Most people make the mistake of thinking design is what it looks like. People think it’s this veneer – that the designers are handed this box and told, ‘Make it look good!’ That’s not what we think design is. It’s not just what it looks like and feels like. Design is how it works.
Steve Jobs
Design is, then, the projection of how a product should work. On the other hand, the appearance of the products must be a reflection of their functionality; that is they must be honest.
Good design is honest — It does not make a product more innovative, powerful or valuable than it really is. It does not attempt to manipulate the consumer with promises that cannot be kept.
Dieter Rams
From the design world, we generate product usage patterns (designs) that affect our lives. If these patterns serve to improve, elevate and enrich our lives, it could be said that a usage pattern (design) ) is moral. Now, as in the case of the “troley experiment” defining a design pattern as moral or immoral lies in a small but decisive variation. Design patterns that detract from our lives are immoral, and we should start to raise our voices against them.

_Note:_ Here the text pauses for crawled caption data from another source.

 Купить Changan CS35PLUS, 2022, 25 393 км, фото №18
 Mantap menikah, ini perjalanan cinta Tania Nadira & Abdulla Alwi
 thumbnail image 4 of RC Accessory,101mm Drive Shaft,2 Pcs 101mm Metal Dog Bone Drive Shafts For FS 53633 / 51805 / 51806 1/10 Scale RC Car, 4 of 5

I share the concern expressed by Massimo Banzi in the video “Connecting“; Too many technological products nowadays require constant attention and unjustified interest.. Unwanted content, overwhelming notifications and, more recently, gamification in certain applications, which do not attempt to transform a task, through games, into one that is more bearable for users, but rather push overconsumption as the sole line of reasoning for an application’s existence. These behaviors in our products are not moral, They don’t respect the intangible asset of time in our user’s life. The aim of most of these products is the product in and of itself. They don’t aspire to improve the lives of their users in any sphere or context.
Once again, the problem of distance
Dan Airely, in a study with 10,000 golfers (you’ll have to search around a bit to find the reference ) posed a question about how they would deceive the rest of the golfers by moving the golf ball a short distance. The options he proposed to them were: Option A, nudging the golf ball with their golf club; Option B, kicking it; Option C, picking it up with their hands and moving it. Most players preferred option A. This was twice as popular as the other possibilities as a cheating preference. The psychological distance that a golf club gives us is enough so that we have twice as many chances of behaving in a way that is not moral.

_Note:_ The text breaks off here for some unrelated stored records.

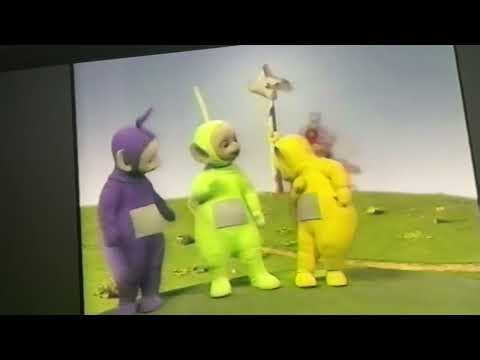 Teletubbies Theme Song Season 2 (1999)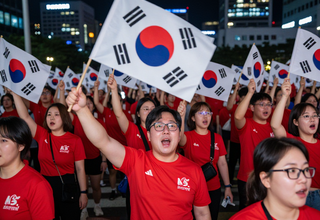 더 이상 언더독은 없다! 월드컵 1차전 역전승으로 터져 나온 뜨거운 환호성 🎉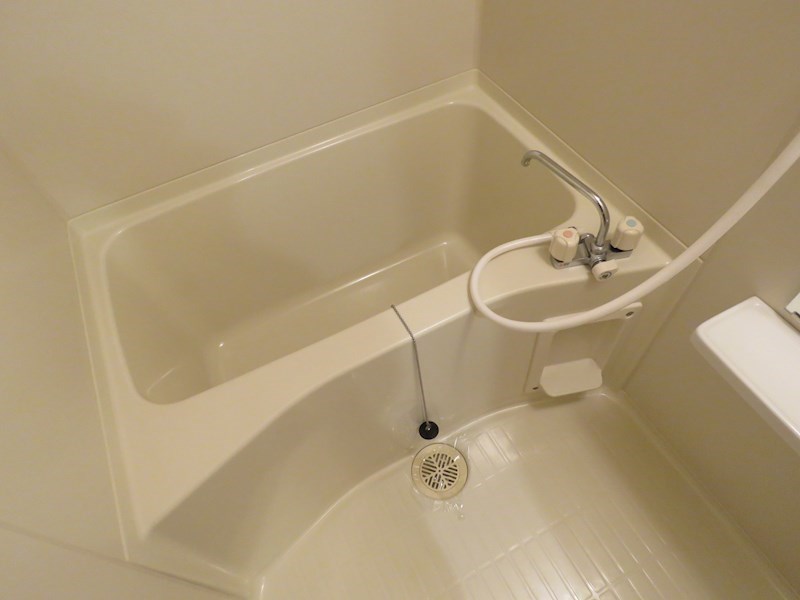 ピュアクリスタルⅠ 風呂画像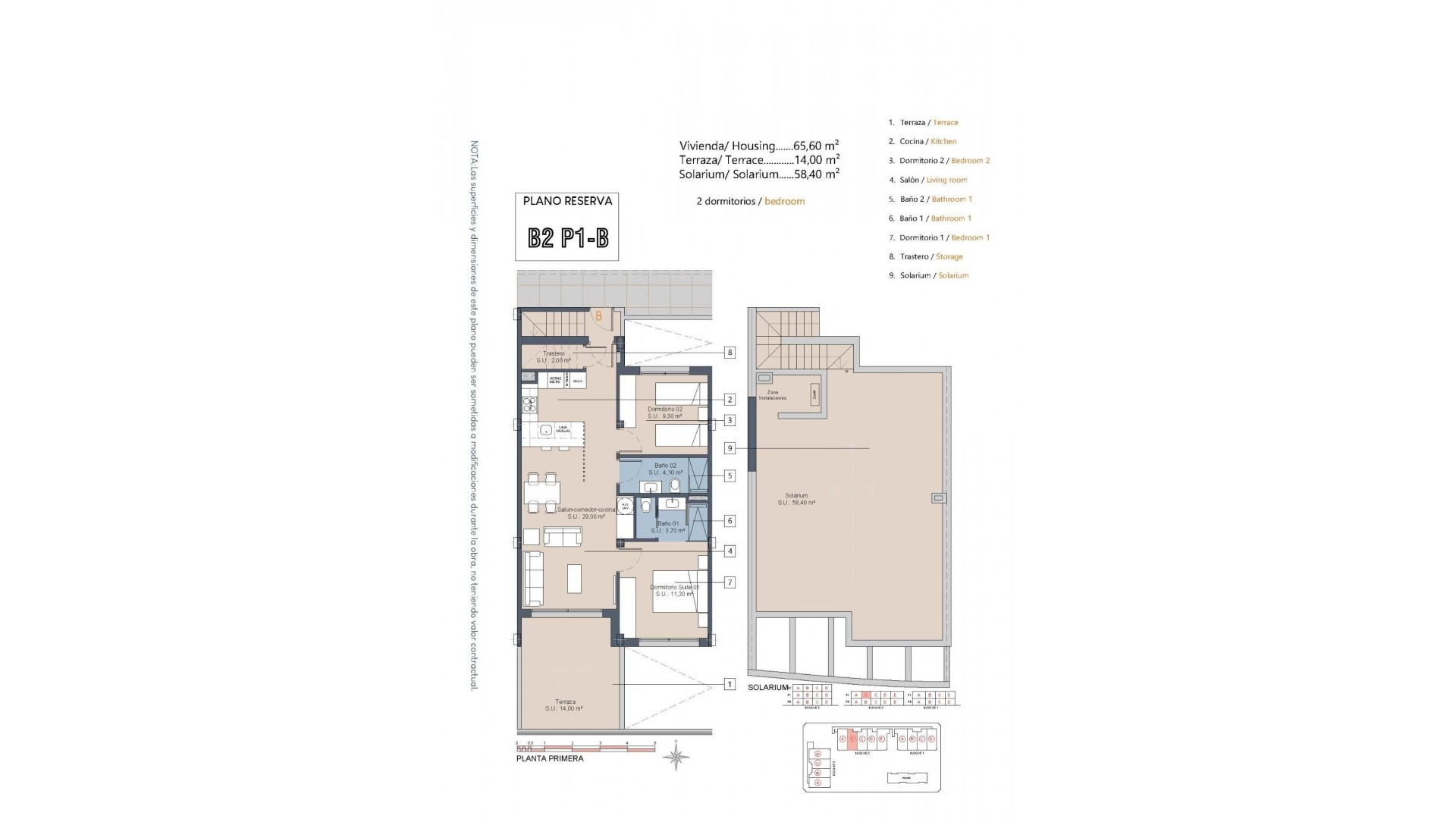 New Build - Apartment Flat -
Los Alcazares - Serena Golf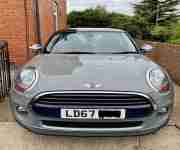 3 door hatch F56 Mini Cooper for sale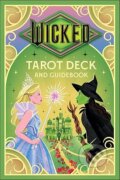 Wicked Tarot Deck & Guidebook (Casey Gilly). Insight, 2025 Wicked Tarot Deck & Guidebook (Casey Gilly). Insight, 2025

Embellishments, complexity added to a product, extraneous elements, etcetera, distance us enough psychologically that we are not able to correctly judge morality or a lack of it in our work. Reducing all this noise and focusing on an object’s or service’s core helps us to not stray from the right path.
Good design is as little design as possible — Less is more – because it concentrates on the essential aspects and the products are not burdened with non-essentials. Back to purity, back to simplicity.
Dieter Rams
In closing, one of those sentences that put to rest any doubts:
All good design is moral design, and only moral design can ever be good.